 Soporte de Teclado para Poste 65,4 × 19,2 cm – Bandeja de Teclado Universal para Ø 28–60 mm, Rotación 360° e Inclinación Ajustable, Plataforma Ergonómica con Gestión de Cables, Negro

※

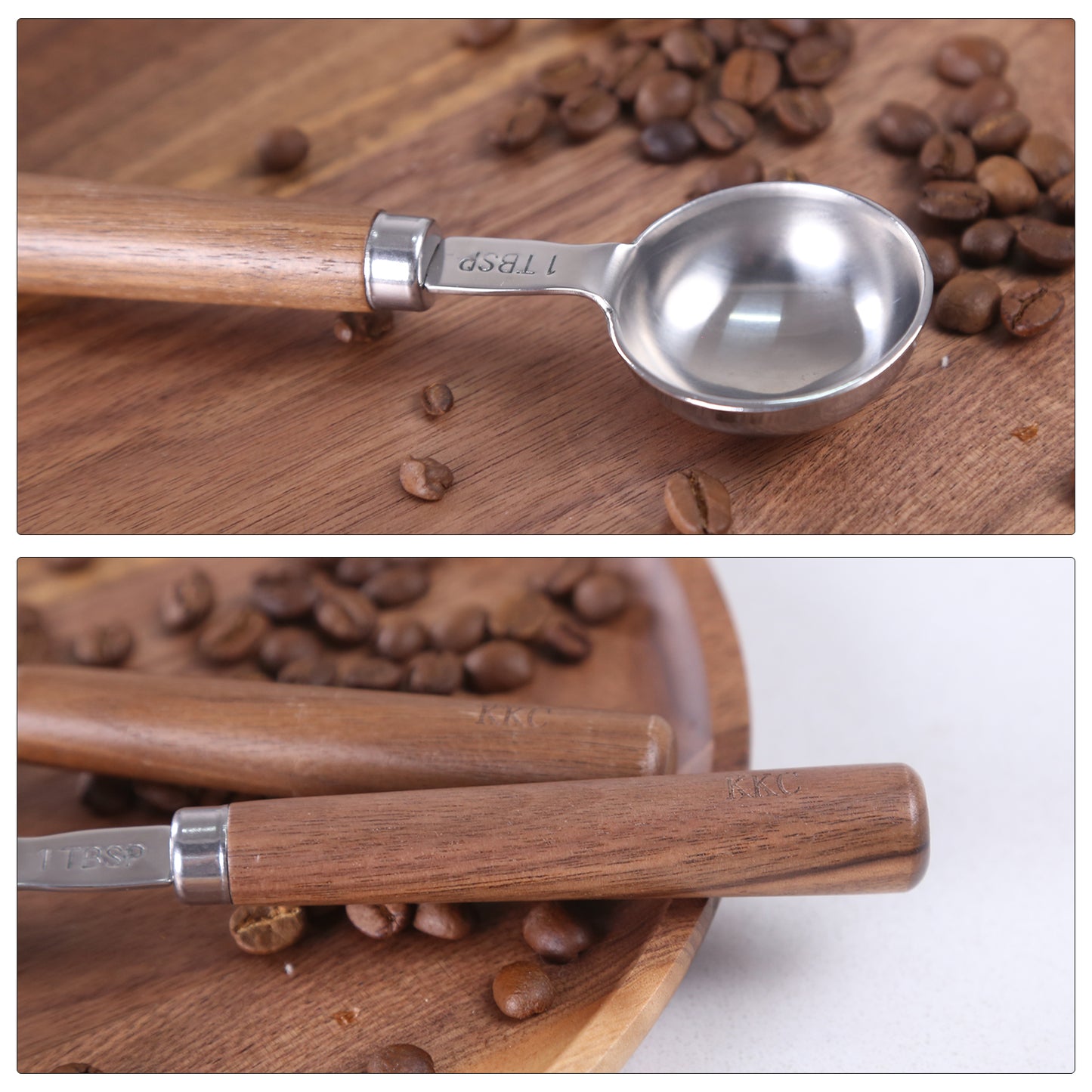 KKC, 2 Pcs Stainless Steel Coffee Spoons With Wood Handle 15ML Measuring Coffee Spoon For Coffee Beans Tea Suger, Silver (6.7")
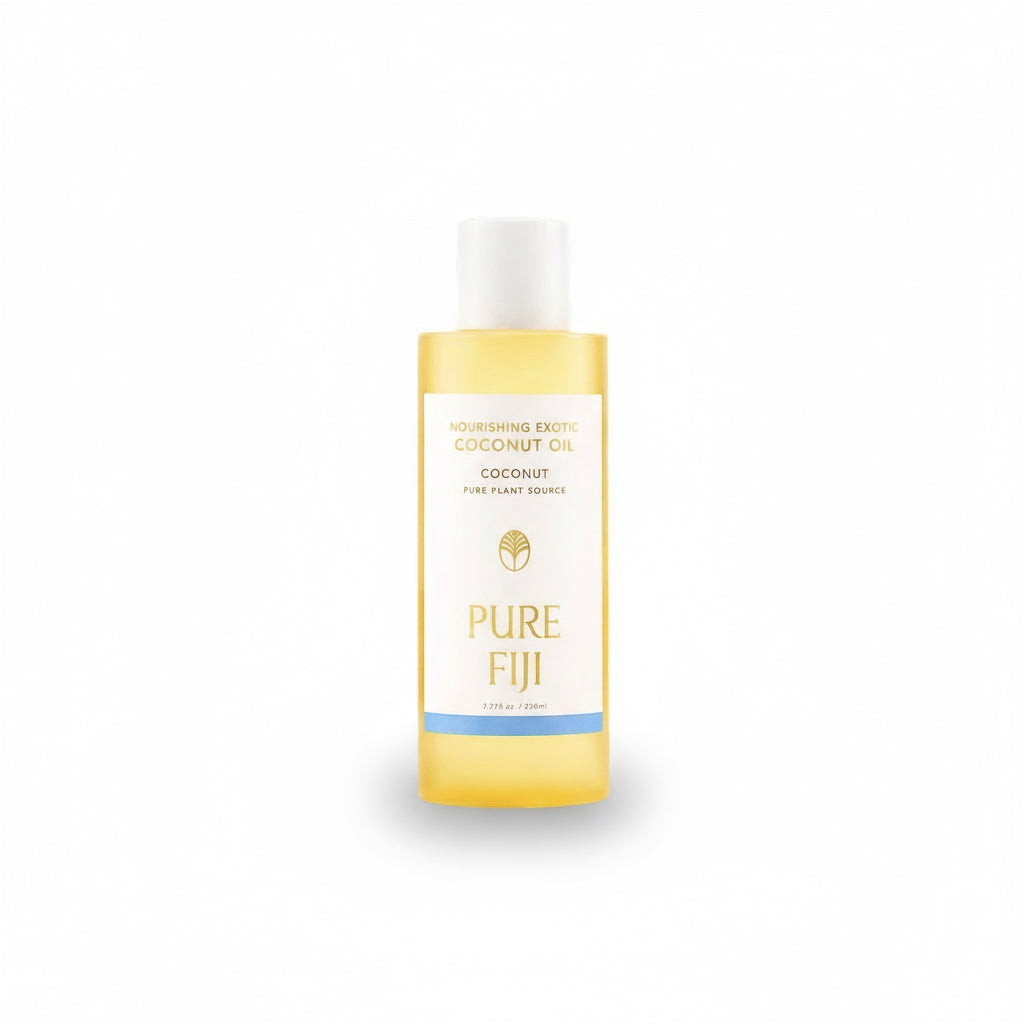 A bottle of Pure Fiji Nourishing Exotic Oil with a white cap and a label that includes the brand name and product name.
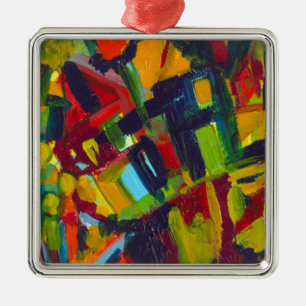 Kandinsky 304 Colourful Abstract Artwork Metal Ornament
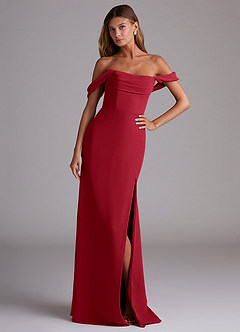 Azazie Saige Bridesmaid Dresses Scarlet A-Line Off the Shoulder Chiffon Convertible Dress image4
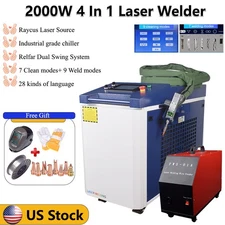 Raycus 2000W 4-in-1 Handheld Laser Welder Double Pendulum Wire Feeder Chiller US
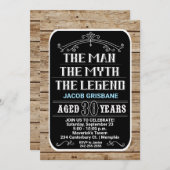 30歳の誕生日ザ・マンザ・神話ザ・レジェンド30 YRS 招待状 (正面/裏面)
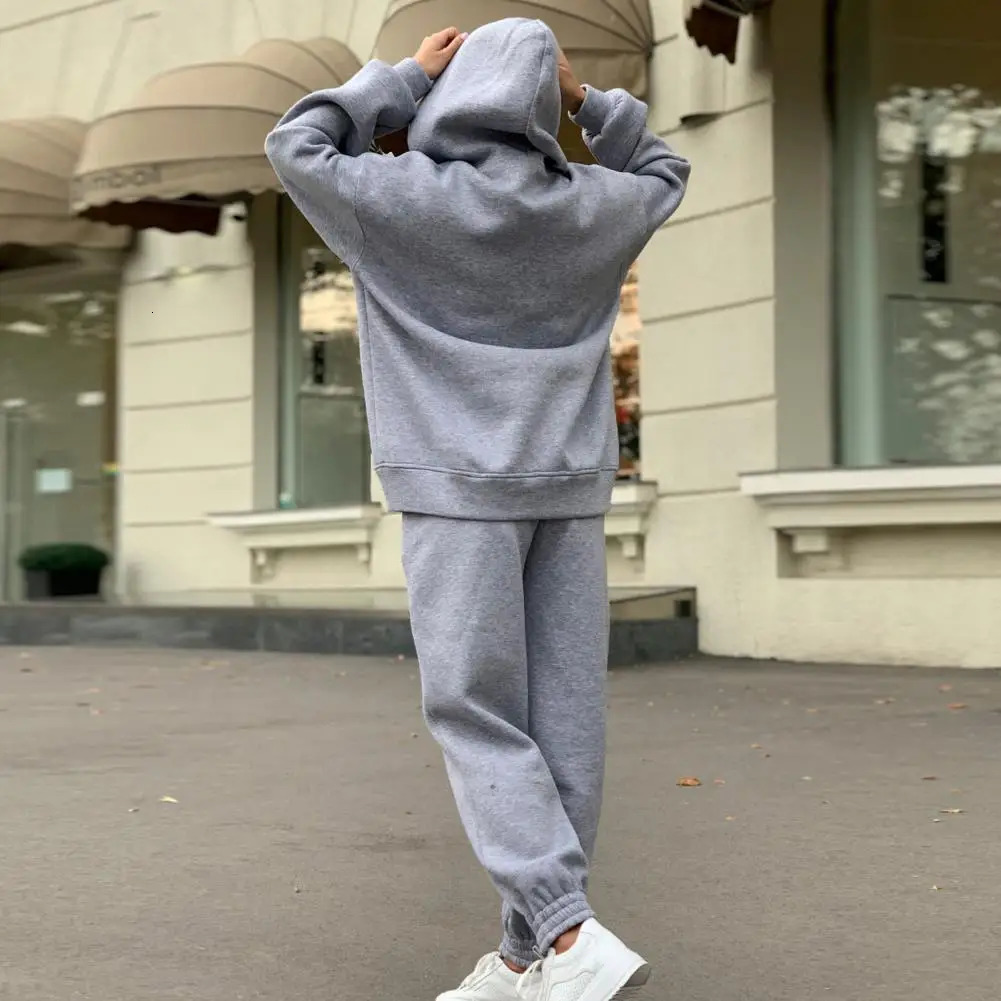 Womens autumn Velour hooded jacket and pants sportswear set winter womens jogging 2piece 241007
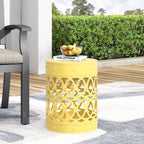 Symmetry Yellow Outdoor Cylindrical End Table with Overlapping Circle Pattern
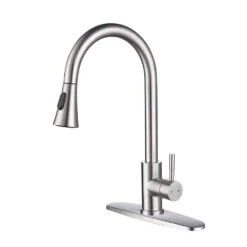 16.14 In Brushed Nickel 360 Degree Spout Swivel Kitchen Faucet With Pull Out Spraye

※

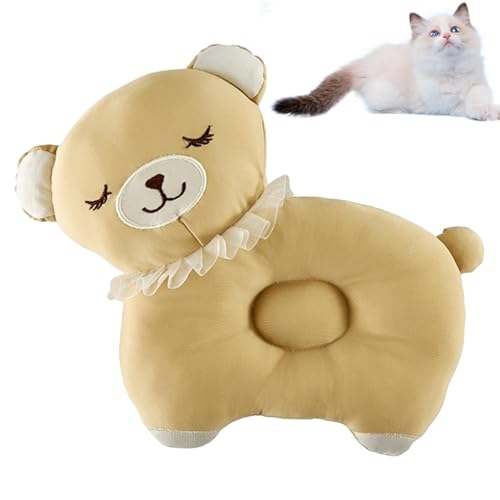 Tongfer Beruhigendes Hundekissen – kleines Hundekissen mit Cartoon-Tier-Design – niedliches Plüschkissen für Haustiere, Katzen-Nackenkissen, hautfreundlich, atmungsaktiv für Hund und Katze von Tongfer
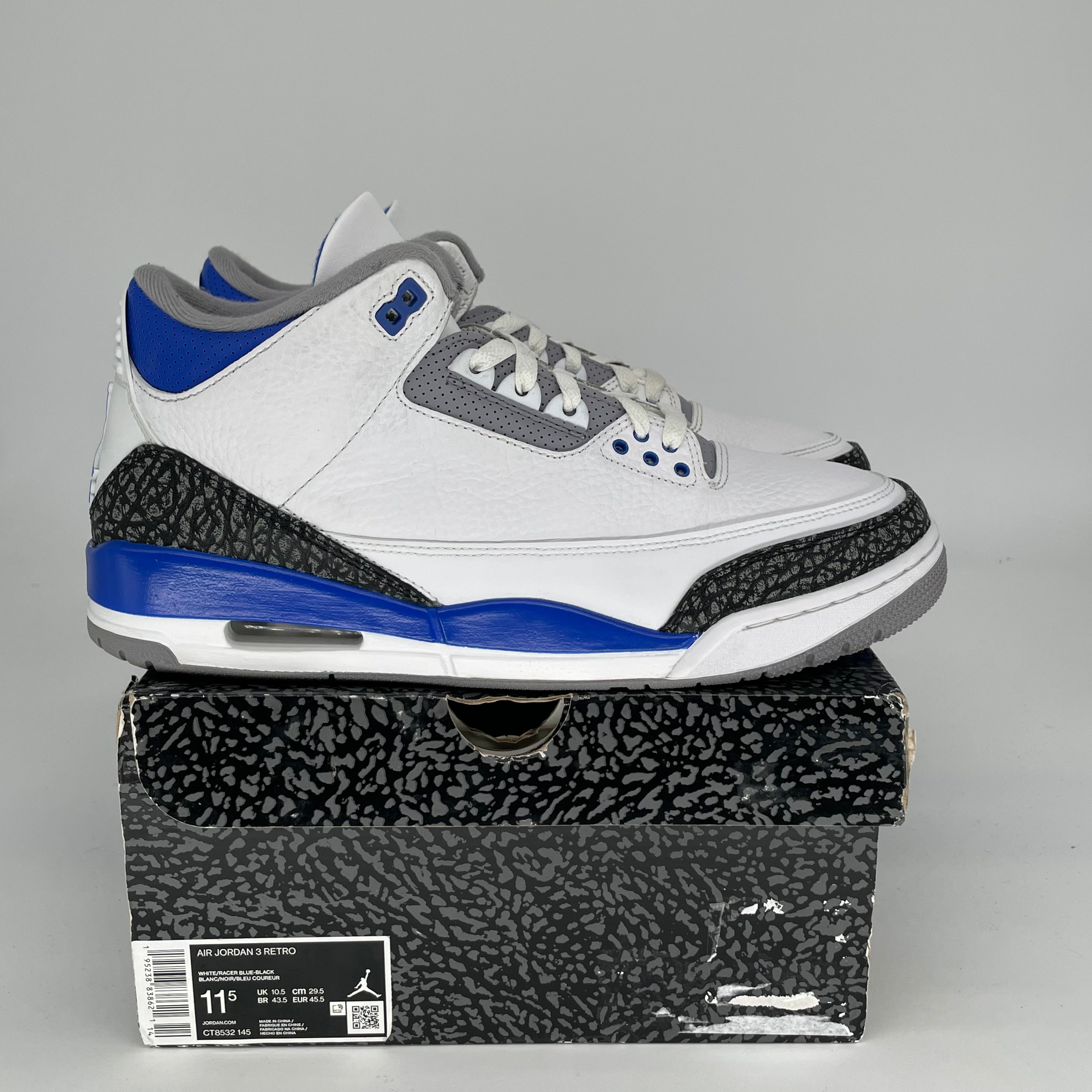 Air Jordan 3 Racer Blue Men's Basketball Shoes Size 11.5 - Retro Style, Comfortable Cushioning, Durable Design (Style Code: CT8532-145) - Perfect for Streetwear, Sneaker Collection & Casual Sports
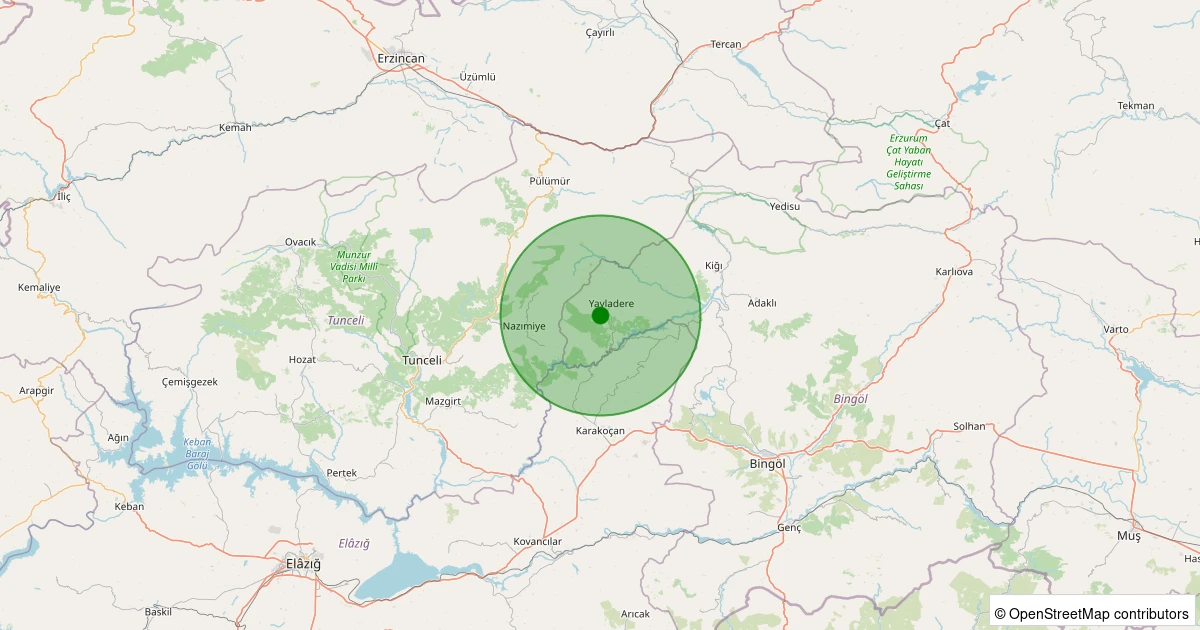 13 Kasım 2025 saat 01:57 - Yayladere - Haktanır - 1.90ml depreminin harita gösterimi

※

§ **Exercise details**: What are the lines above from the one with "Tongfer Beruhigendes Hundekissen" to the one with "13 Kasım 2025", both included? Reproduce them exactly, without pictures.

§ **Exercise result**:
 Tongfer Beruhigendes Hundekissen – kleines Hundekissen mit Cartoon-Tier-Design – niedliches Plüschkissen für Haustiere, Katzen-Nackenkissen, hautfreundlich, atmungsaktiv für Hund und Katze von Tongfer
 Air Jordan 3 Racer Blue Men's Basketball Shoes Size 11.5 - Retro Style, Comfortable Cushioning, Durable Design (Style Code: CT8532-145) - Perfect for Streetwear, Sneaker Collection & Casual Sports
 13 Kasım 2025 saat 01:57 - Yayladere - Haktanır - 1.90ml depreminin harita gösterimi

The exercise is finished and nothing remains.